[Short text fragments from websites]
"""

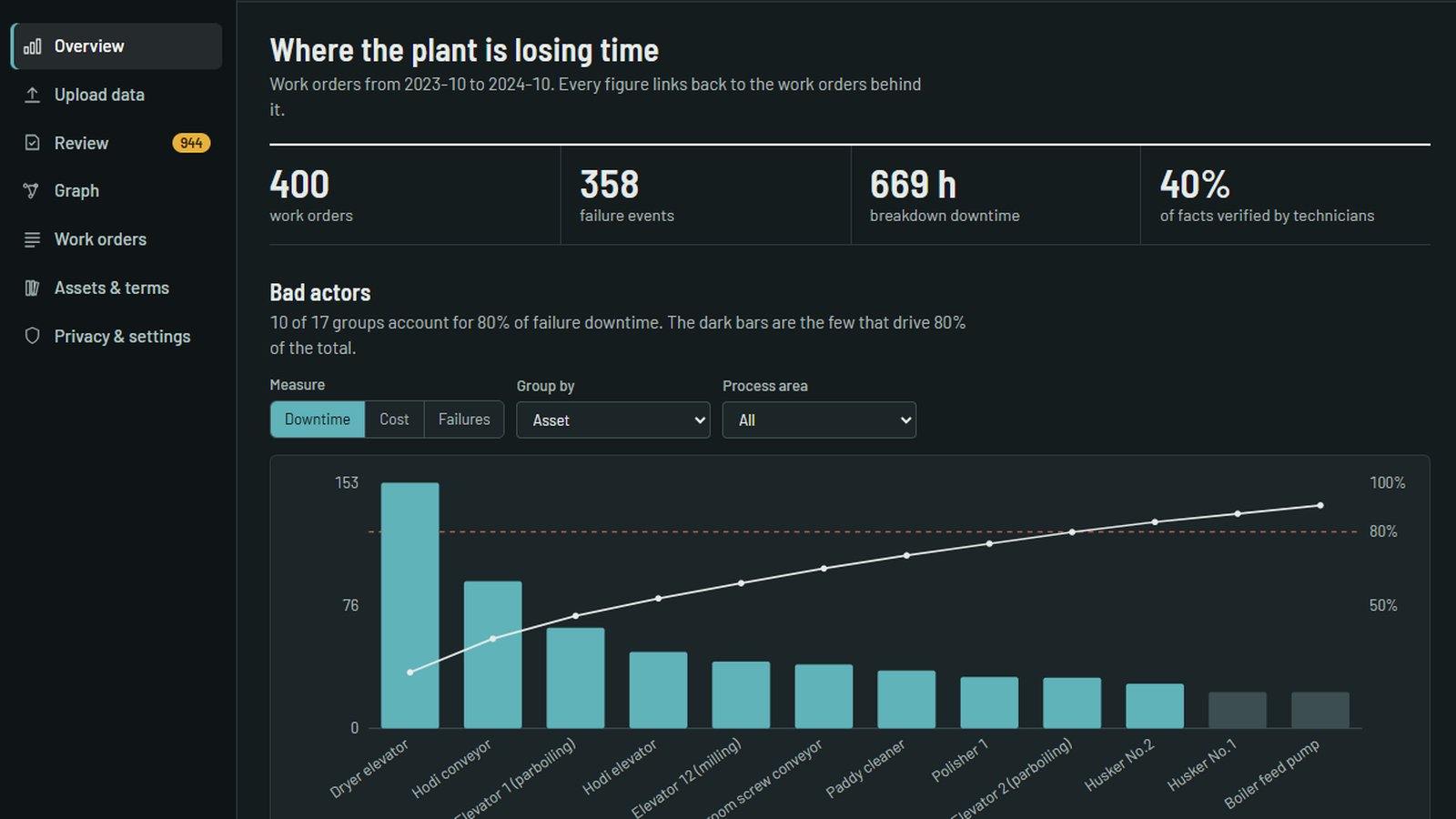 Plant Memory dashboard titled "Where the plant is losing time", showing work order totals and a bar chart of downtime by asset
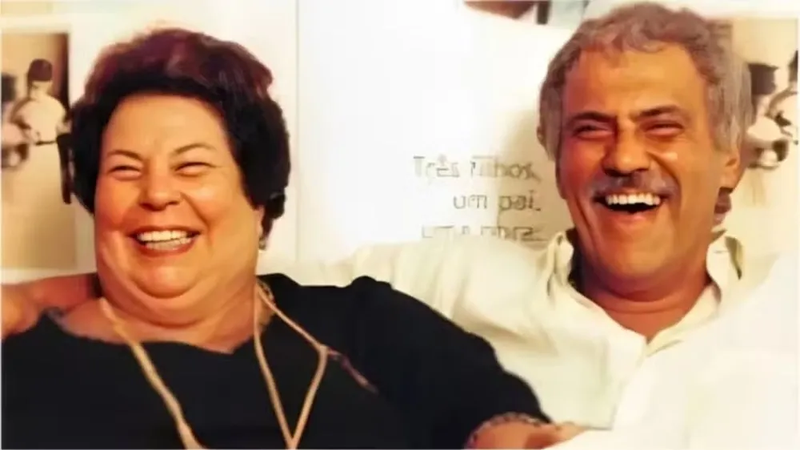 Reprodução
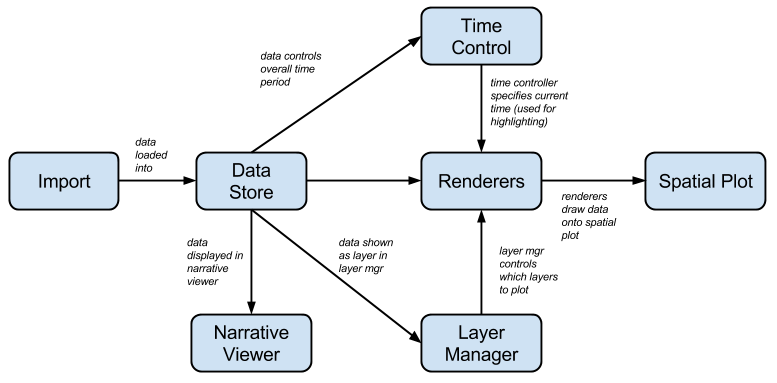 Software Components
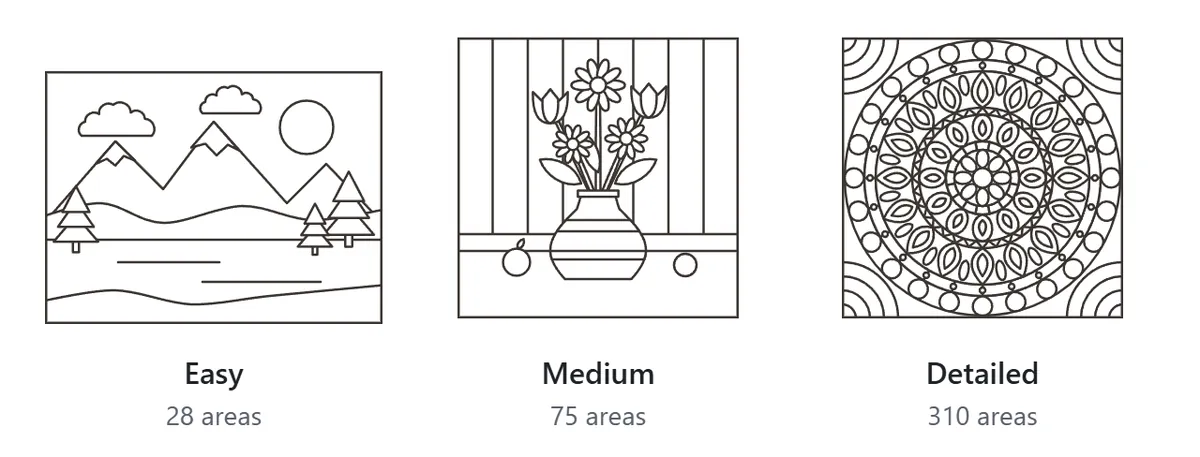 Three line drawings compared: an easy mountain lake with 28 areas, a medium flower vase with 75 areas and a detailed mandala with 310 areas
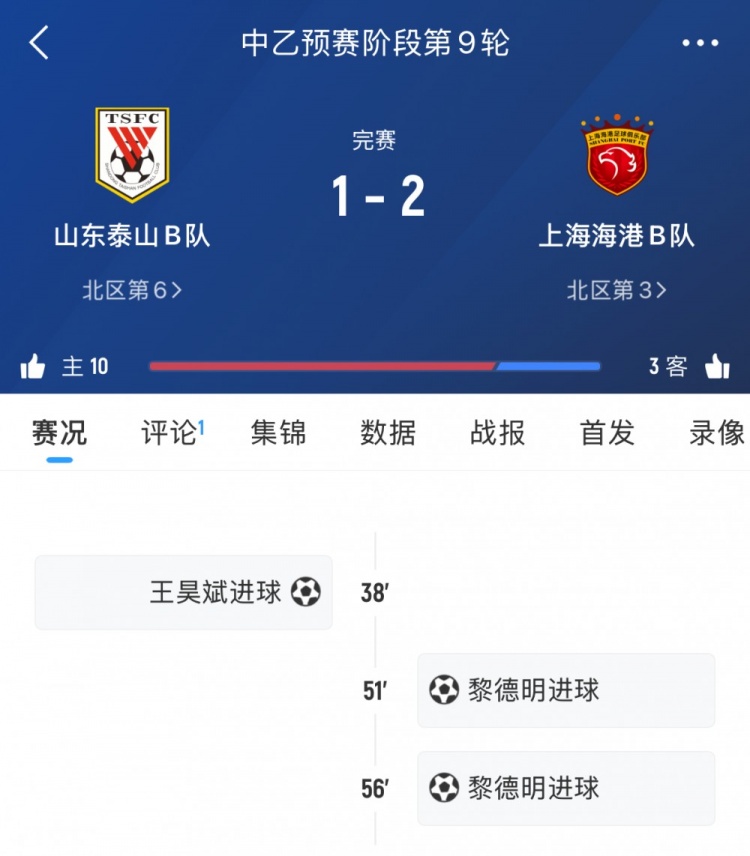 輪番對決！泰山B隊本輪中乙遭海港B隊逆轉，兩隊一線(xiàn)隊下輪交手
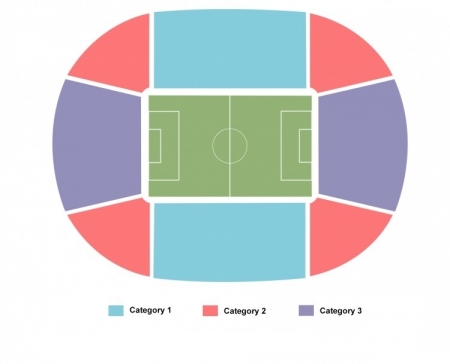 Stade Gabriel Montpied, Clermont-Ferrand, Francia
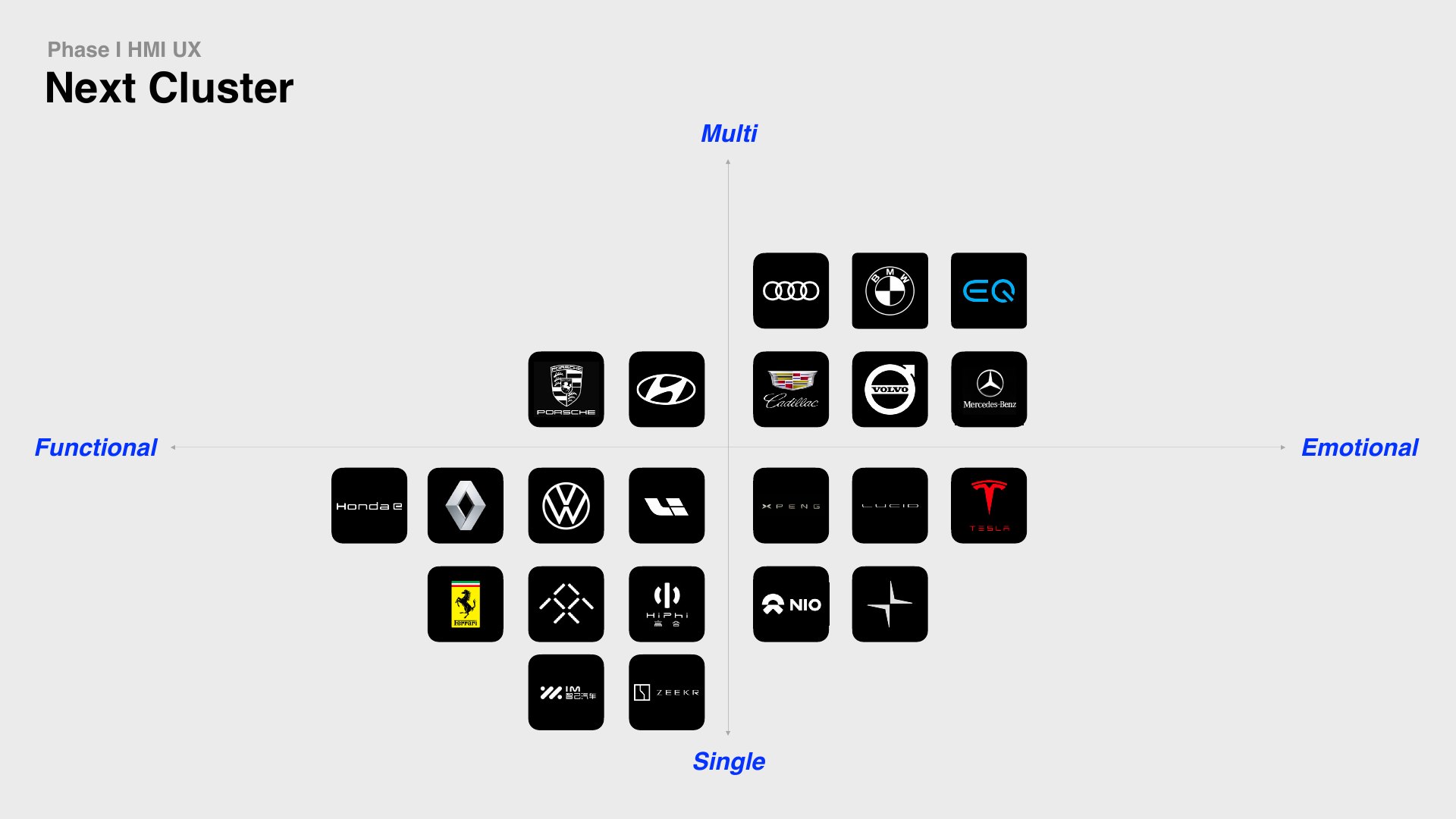 Next cluster brand positioning map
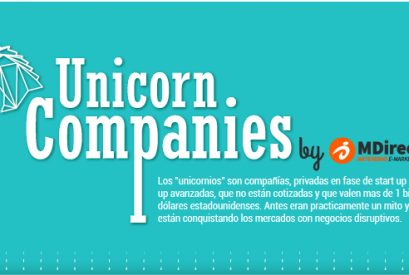 Empresas unicornio: ¿La burbuja de la start-up tecnológica?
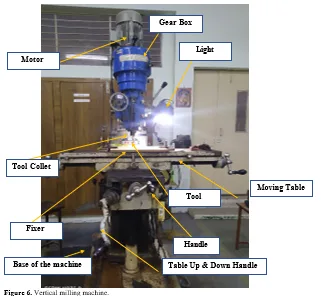 Characterization of Al6082 and Magnesium AZ3lB Composite Produced by The Friction Stir Additive Manufacturing 7 figures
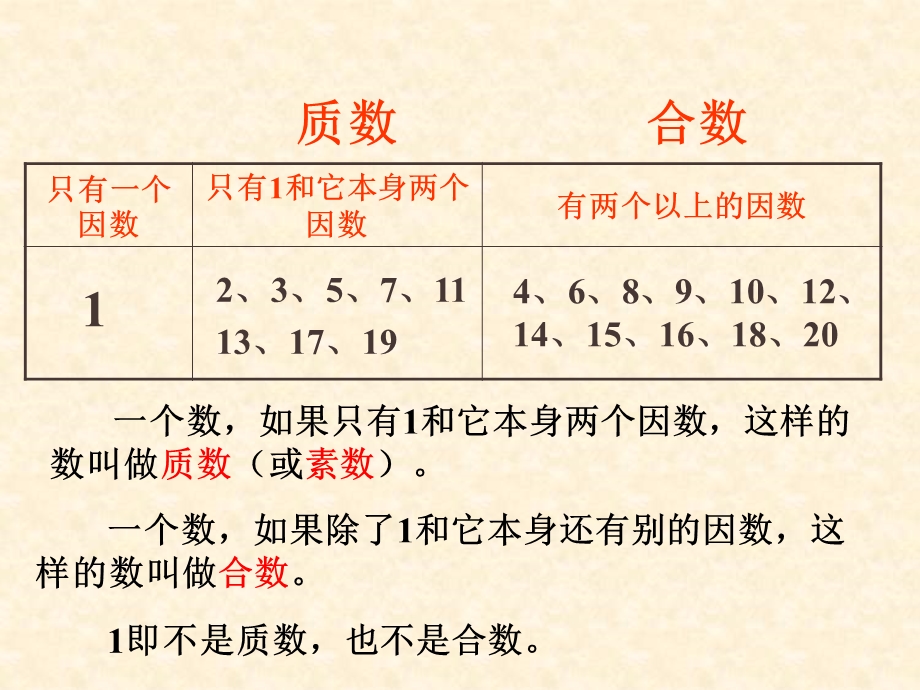 五年级下册(人教版)质数和合数ppt课件.ppt_第3页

"""

__REQUIRED WORK__
Reproduce exactly, and only, the lines from the one holding "Software Components" through the final line of the entries. Do not include the pictures.

__ANSWER TO THIS PROBLEM__
 Software Components
 Three line drawings compared: an easy mountain lake with 28 areas, a medium flower vase with 75 areas and a detailed mandala with 310 areas
 輪番對決！泰山B隊本輪中乙遭海港B隊逆轉，兩隊一線(xiàn)隊下輪交手
 Stade Gabriel Montpied, Clermont-Ferrand, Francia
 Next cluster brand positioning map
 Empresas unicornio: ¿La burbuja de la start-up tecnológica?
 Characterization of Al6082 and Magnesium AZ3lB Composite Produced by The Friction Stir Additive Manufacturing 7 figures
 五年级下册(人教版)质数和合数ppt课件.ppt_第3页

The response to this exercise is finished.